The company announced Monday that its flagship music streaming service Melon has signed separate agreements with China’s Tencent Music Entertainment Group and Japan’s Line Music Corp. to jointly launch the “K-Pop Artist Chart,” slated to debut in the first half of next year. The chart will amalgamate user consumption data from Melon in South Korea, Tencent platforms including QQ Music and Kugou in China, and Line Music in Japan.
The initiative aims to establish a consolidated, transparent benchmark for tracking K-pop’s performance across a region that represents its core fanbase and commercial footprint.

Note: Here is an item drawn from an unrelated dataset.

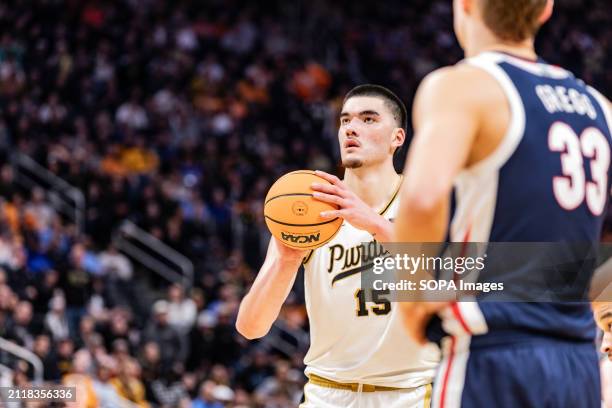 Zach Edey of Purdue Boilermakers in action against the Gonzaga Bulldogs during the second half in the Sweet 16 round of the NCAA Men's Basketball...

Rankings will be calculated using objectively measured user activity and consumption metrics from each platform, according to Kakao.
“For the first time, we will be able to see a single, credible ranking that reflects the true scale of K-pop’s popularity across Northeast Asia,” said Kakao Entertainment CEO Jang Yoon-joong. “This collaboration among leaders in each market is about creating a trusted standard that delivers new value to the entire industry ecosystem.”
The partnership brings together dominant but previously siloed players. Melon, operating for over two decades, is South Korea’s most influential music chart, with its data already integrated into Billboard’s U.S. charts since mid-2023. Tencent Music commands China’s vast digital music landscape through its portfolio of services. Line Music is deeply embedded in Japan’s daily life via its parent messaging app, which boasts approximately 99 million users in the country.
Industry observers note the chart is as much a business tool as a fan-facing service. It is expected to provide artists, management agencies, and record labels with data-driven insights to optimize promotional activities, tour routing, and marketing investments across the region. “A unified metric reduces guesswork for strategic planning,” said a Seoul-based music industry analyst. “It translates amorphous regional popularity into actionable data.”
The move reflects K-pop’s continued evolution from a Korean cultural export into a regionalized commercial infrastructure, where understanding nuanced market preferences is key to sustaining growth. Analysts say it also addresses a longstanding challenge: fragmented data that has made it difficult to gauge an artist’s true pan-Asian reach.
“The global K-pop fandom operates across borders, but the charts have remained national,” said the analyst. “This is an attempt to build a dashboard that matches the reality of how the genre is consumed.”